_Given data_:
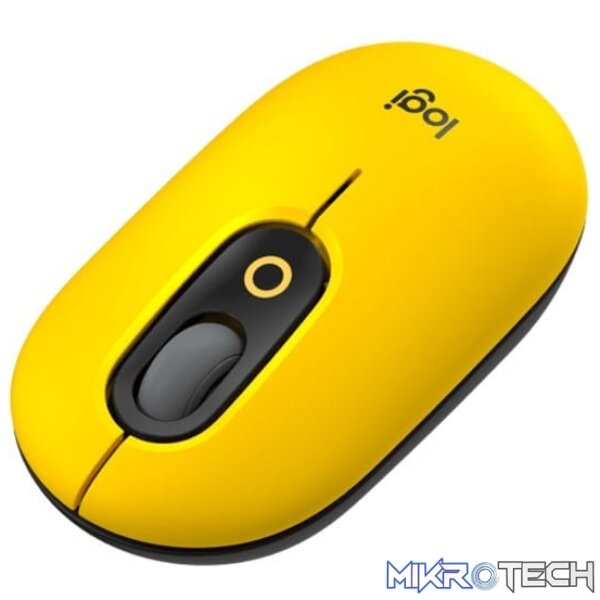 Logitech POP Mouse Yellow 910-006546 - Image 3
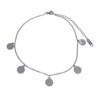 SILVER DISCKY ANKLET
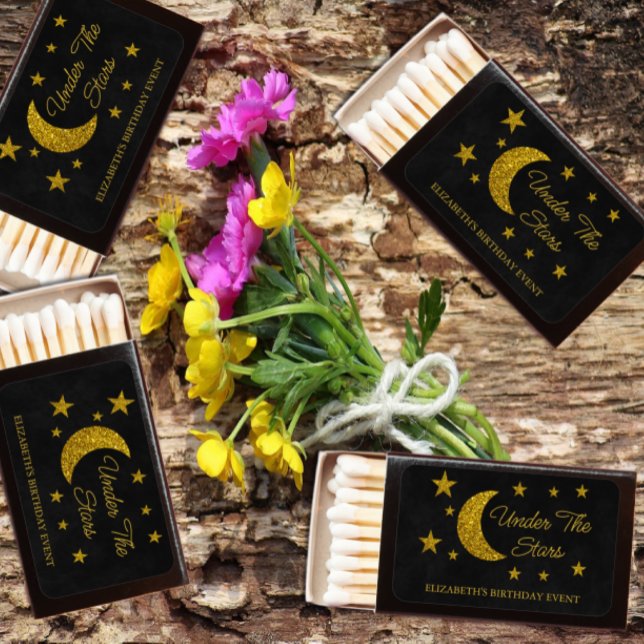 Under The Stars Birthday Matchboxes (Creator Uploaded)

_Exercise requirements_: Each line above should be returned exactly as it stands, minus any pictures.

_Solution to the exercise_:
 Logitech POP Mouse Yellow 910-006546 - Image 3
 SILVER DISCKY ANKLET
 Under The Stars Birthday Matchboxes (Creator Uploaded)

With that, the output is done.